For a case to be found moot because of a defendant's voluntary compliance, the defendant must establish that: "(1) subsequent events have made it absolutely clear that the allegedly wrongful behavior cannot reasonably be expected to recur, and (2) interim relief or events have completely and irrevocably eradicated the effects of the alleged violation." Buono v. Norton, 371 F.3d 543, 545-46 (9th Cir. 2004) (brackets omitted) (quoting Norman-Bloodsaw v. Lawrence Berkeley Lab., 135 F.3d 1260, 1274 (9th Cir. 1998); see Friends of Earth, 528 U.S. at 189-90. The party asserting mootness bears a "heavy" and "formidable" burden. Friends of Earth, 528 U.S. at 189-90; Porter v. Bowen, 496 F.3d 1009, 1017 (9th Cir. 2007).
Here, there is no dispute that Defendants provided Garrick with the exact parking accommodation that was requested.
The Court concludes that the letter sent by the HPP AOAO—granting Garrick the non-exclusive right to park in HPP guest parking—represents a permanent change in Garrick's parking arrangements at HPP, as opposed to a temporary policy that HPP will refute once this litigation has concluded. Dkt. No. 69-3. The letter is unequivocal in tone and the stated parking accommodation is not conditioned on the outcome of this litigation. The letter provides the precise accommodation that the Laus requested (which the Laus admit constitutes "a reasonable parking accommodation"), is in writing, in contrast to the pre-suit permission that the Laus claimed to have, and it is clear from the letter that this case was the catalyst for the Board voluntarily approving the accommodation. See also Dkt. Nos. 69-4, 69-5, 69-6 at ¶¶ 7-13, 20-21, 26. To be sure, the predictive power of HPP's past conduct is eclipsed by the fact that, insofar as the record shows, HPP never formally approved the Laus to park their van in guest parking before it was towed and before the Board considered the Laus' August 2017 request for an accommodation. Prior to these events, HPP only tacitly permitted the Laus to park in guest parking. By contrast, the accommodation the Laus now enjoy is formally stated and has the approval of the HPP AOAO behind it.

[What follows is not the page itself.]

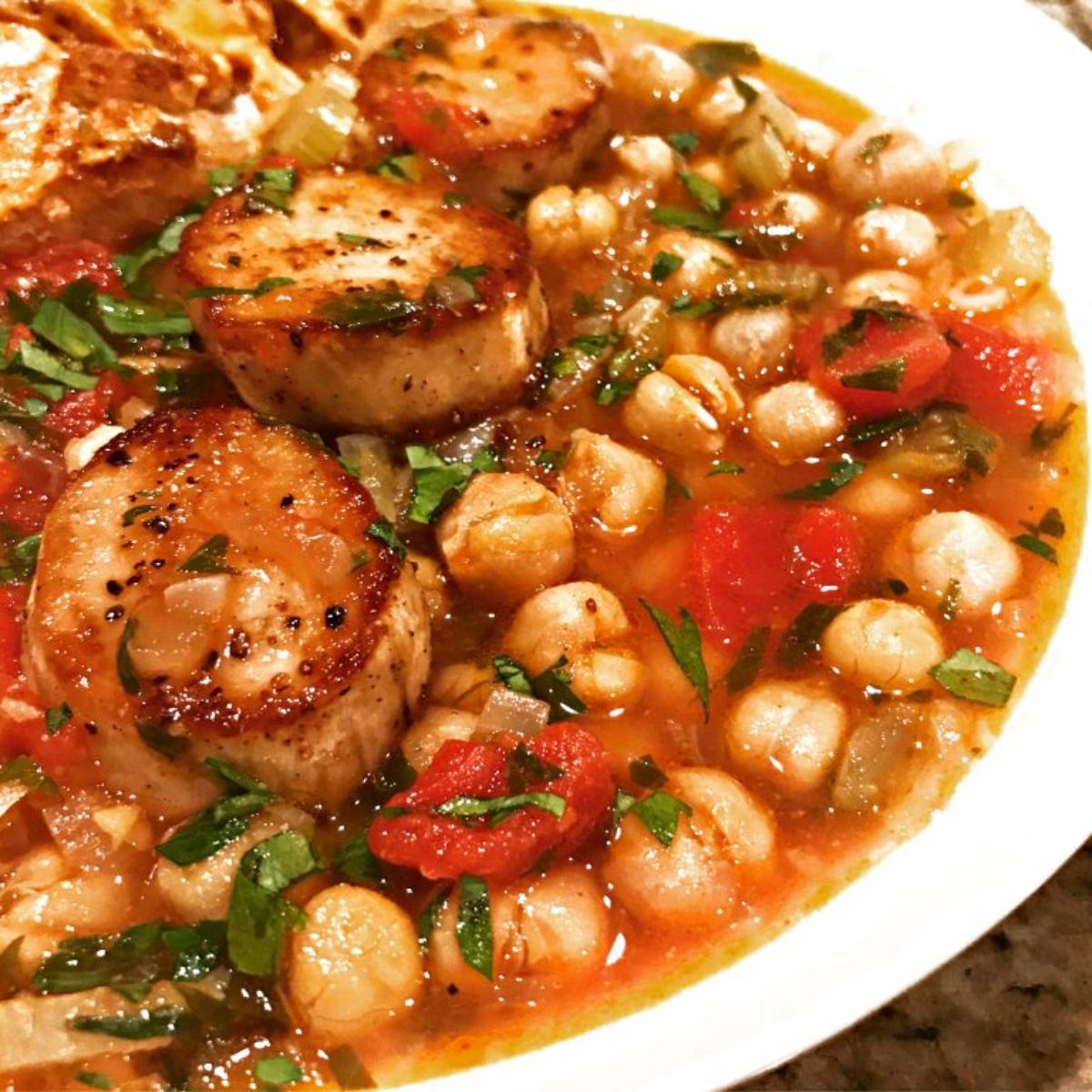 a white bowl of king oyster cioppino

Because Defendants have met their heavy burden of proving that the challenged conduct cannot reasonably be expected to recur, the Court concludes that the Laus' claim for prospective injunctive relief is moot.

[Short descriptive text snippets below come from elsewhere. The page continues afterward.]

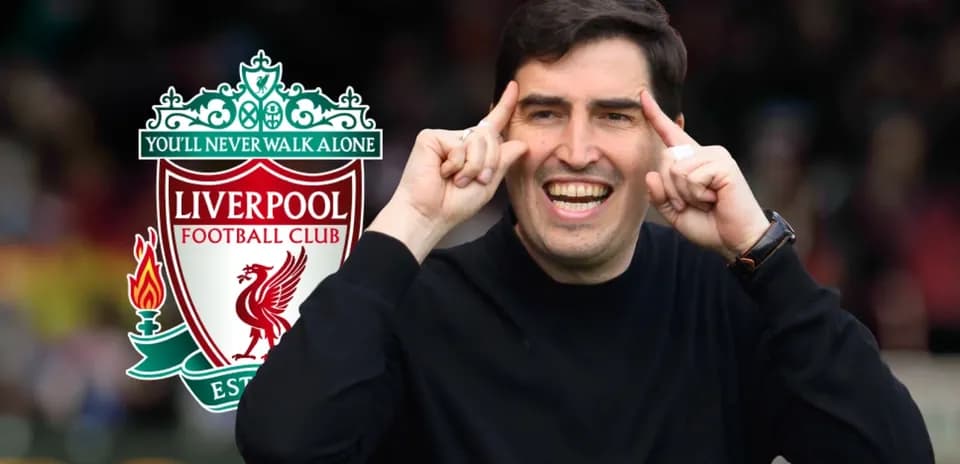 Coach gesturing with Liverpool FC logo in background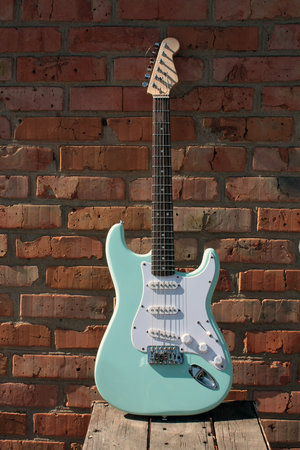 an electric guitar on a brick wall isolatedの写真素材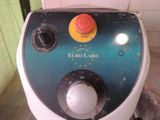 a close up of an electric blender with buttons on it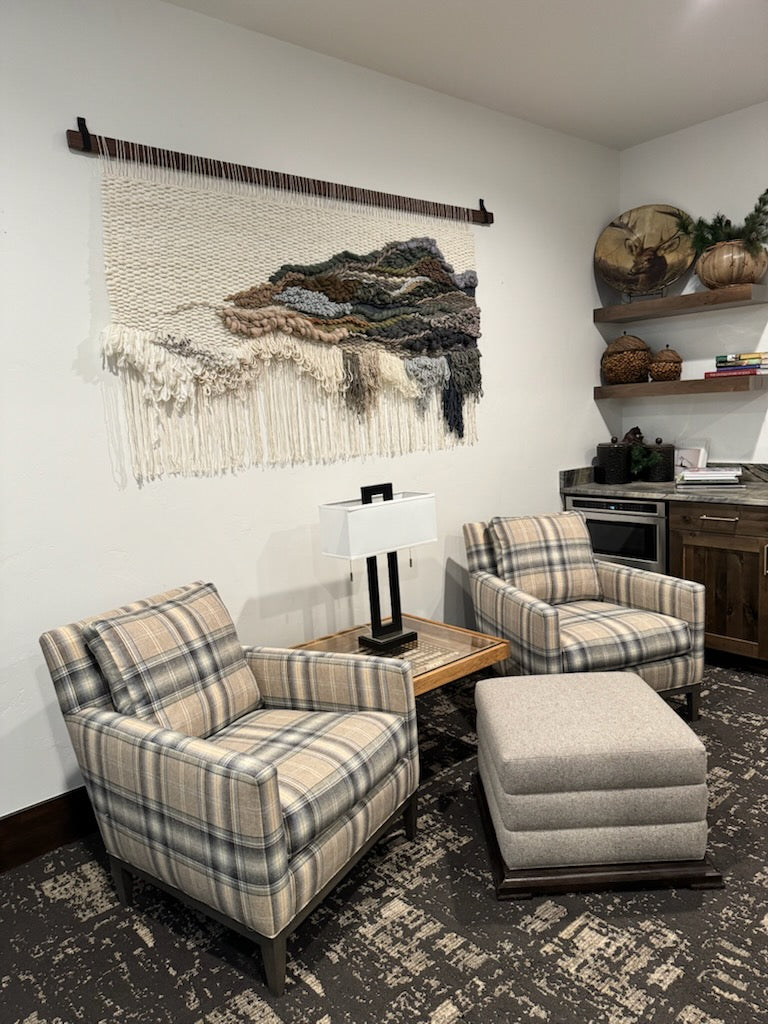 Living room with plaid armchairs, ottoman, and decorative wall art.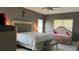 This bedroom has a decorative cross on the wall, a bed, and a couch at 1991 Sanderlin Point Loop, Apopka, FL 32703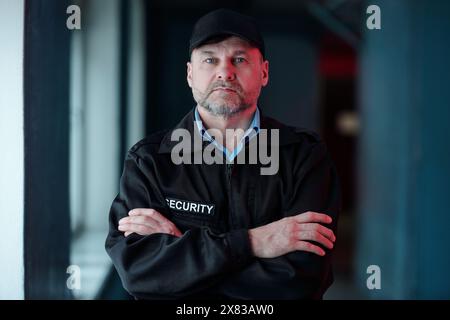 Reifer Wachmann in schwarzer Uniform, der vor der Kamera im Flur steht und seine Arme während der Nachtarbeit von der Brust kreuzt Stockfoto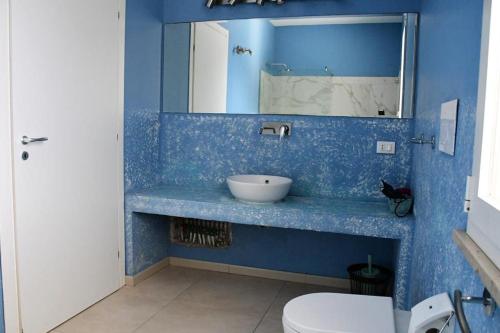 Un baño azul con lavabo e inodoro. en Villa Luxury fronte mare, en San Vito lo Capo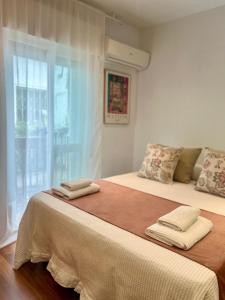 Ένα ή περισσότερα κρεβάτια σε δωμάτιο στο Nueva Córdoba Judería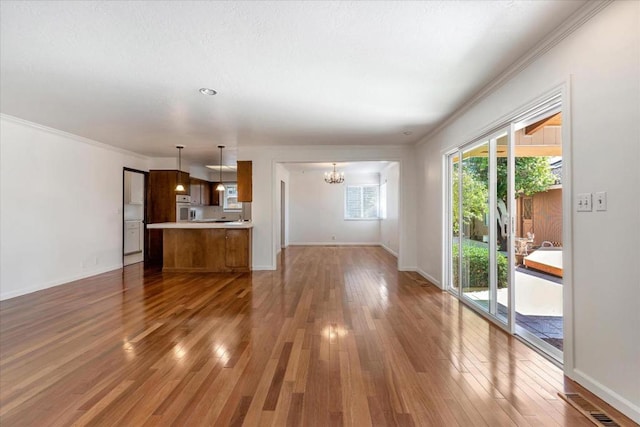 unfurnished living room featuring dark wood-type flooring, ornamental molding, and a chandelier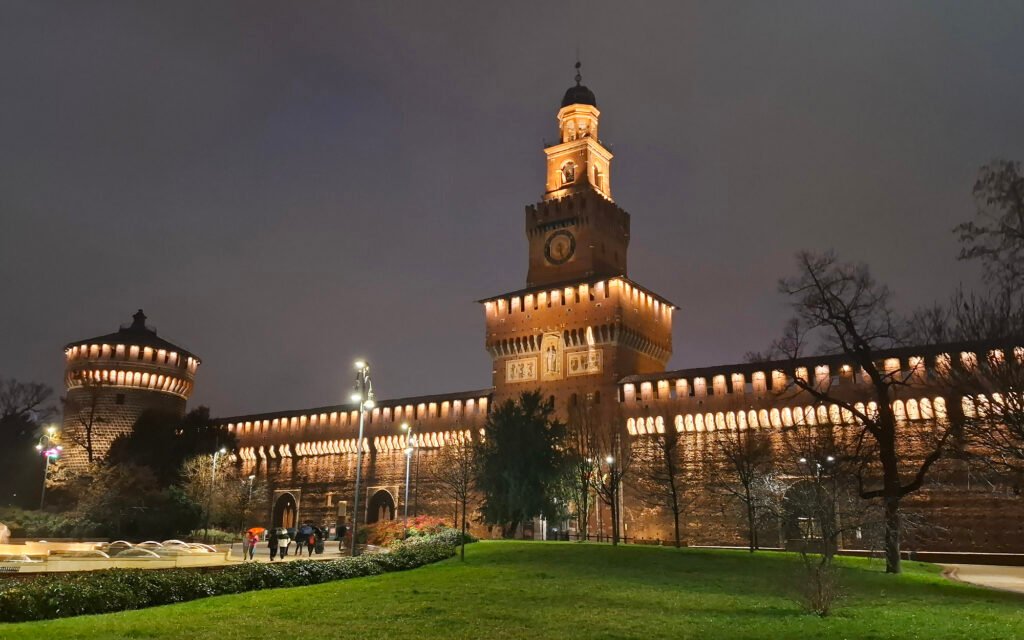 MILAN, ITALY Sforza Castle in Milan illuminated at night, showcasing the historic fortress and its architectural details.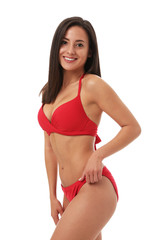Obraz premium Pretty sexy woman with slim body in stylish red bikini on white background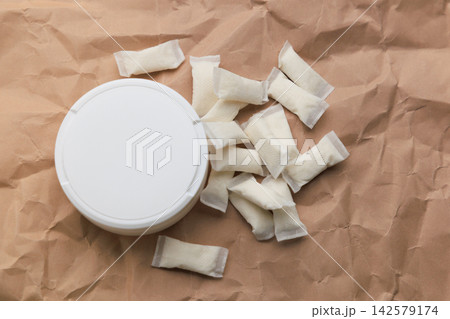 Various snus pouches and a container are seen on crumpled brown paper Various snus pouches and a container are seen on crumpled brown paper 142579174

"Irrespective of the issue of injunctive relief, [the Laus] continue to seek damages to redress alleged violations of the Fair Housing Act." Havens Realty Corp. v. Coleman, 455 U.S. 363, 371 (1982); cf. 42 U.S.C. § 3613(c)(1). Therefore, despite Defendants granting the Laus' accommodation request, the Laus claim for damages is not rendered moot. Havens, 455 U.S. at 371. Indeed, Defendants acknowledge that much. Dkt. No. 68-1 at 19-20.
Defendants assert that the costs to tow the Laus vehicle in July 2017 are not attributable to Defendants. Dkt. No. 68-1 at 20-21. The Laus do not offer any argument in response. That alone is grounds for the Court to "consider the fact undisputed" and "grant summary judgment" to Defendants. See Fed.R.Civ.P. 56(c)(1), (3), & (e)(2)-(3).

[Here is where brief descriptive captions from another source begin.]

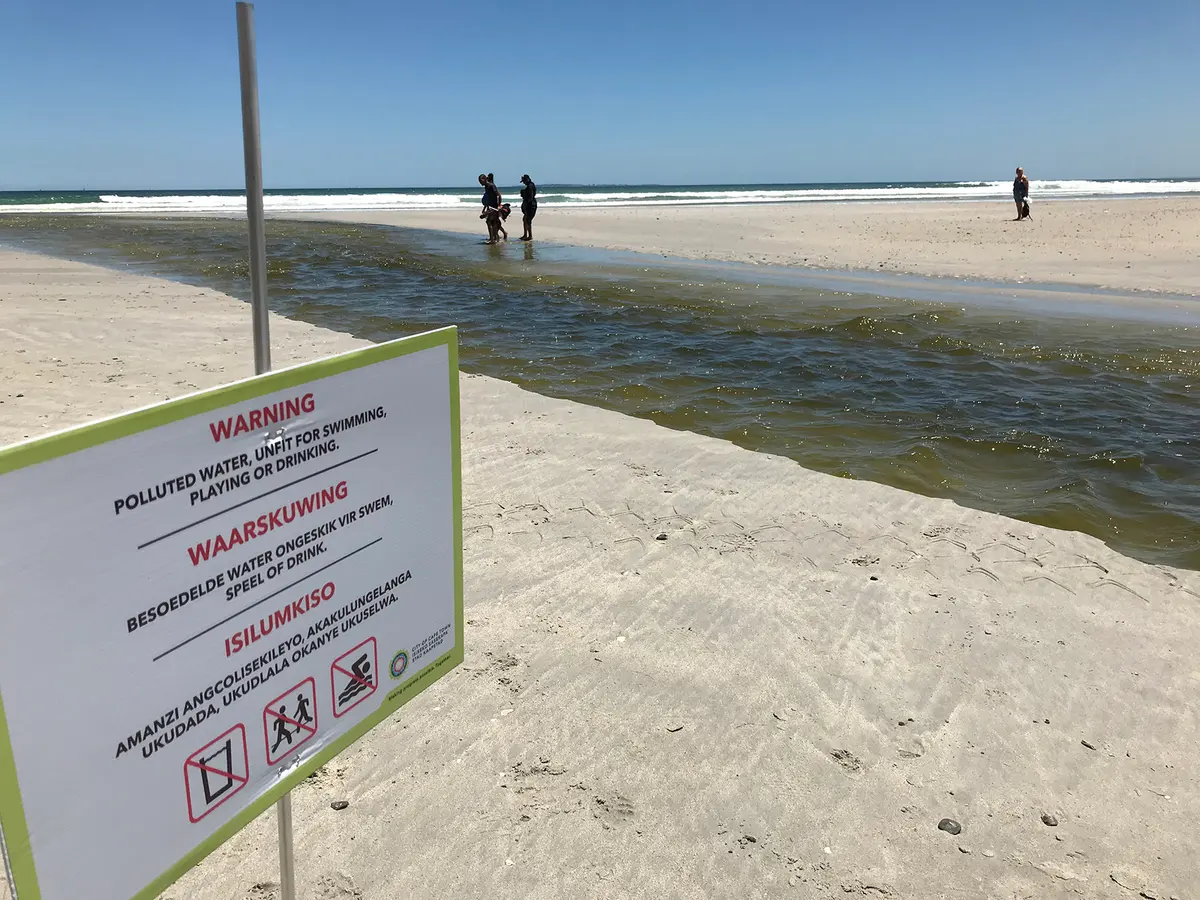 Signs at the mouth of the Milnerton Lagoon, which is highly polluted, warn against swimming or coming into contact with the water. But these signs are often not seen or ignored. Archive photo: Steve Kretzmann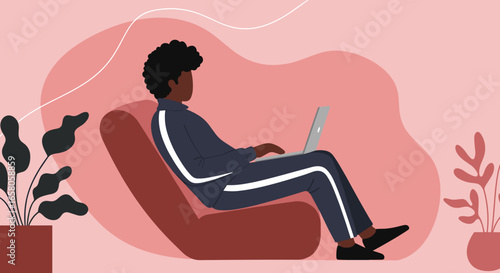 Young person comfortably working on a laptop at home, embodying remote work, digital learning, or leisure in a modern lifestyle.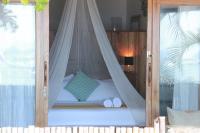 1 dormitorio con 1 cama con dosel y 2 toallas en Maligaya Beach Bungalows, en El Nido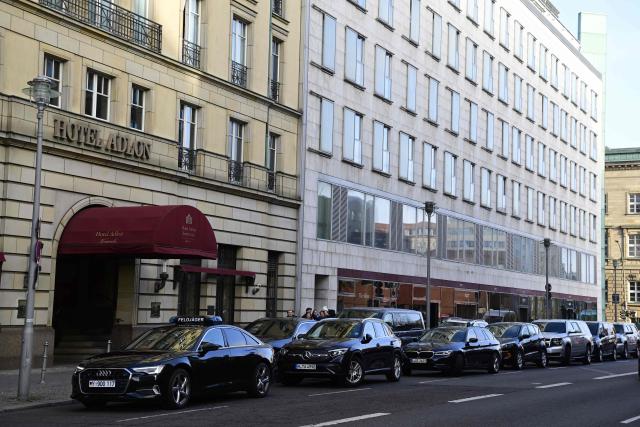 A convoy stands at an entrance of the hotel Adlon on December 14, 2025 in Berlin. Ukrainian President Volodymyr Zelensky is set to travel to Berlin and meet European leaders as well as the heads of the EU and NATO, German government spokesman Stefan Kornelius said. (Photo by John MACDOUGALL / AFP)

Notwithstanding the Laus' failure to respond to Defendants' argument, there is no causal connection between the alleged towing costs and the Board's decision to deny the Laus' request for a parking accommodation. A "damages action under the FHA sounds basically in tort—the statute merely defines a new legal duty, and authorizes the courts to compensate a plaintiff for the injury caused by the defendant's wrongful breach." Garcia v. Brockway, 526 F.3d 456, 464 (9th Cir. 2008) (en banc) (brackets omitted; quoting Curtis v. Loether, 415 U.S. 189, 195 (1974)); Silver Sage Partners v. City of Desert Hot Springs, 251 F.3d 814, 819-21, 824-25 (9th Cir. 2001) (applying general tort principles to the calculation of damages under the FHA). As such, "general tort principles of causation usually govern," unless "there is a statutory command to the contrary." Pac. Shores Props., LLC v. City of Newport Beach, 730 F.3d 1142, 1167 (9th Cir. 2013).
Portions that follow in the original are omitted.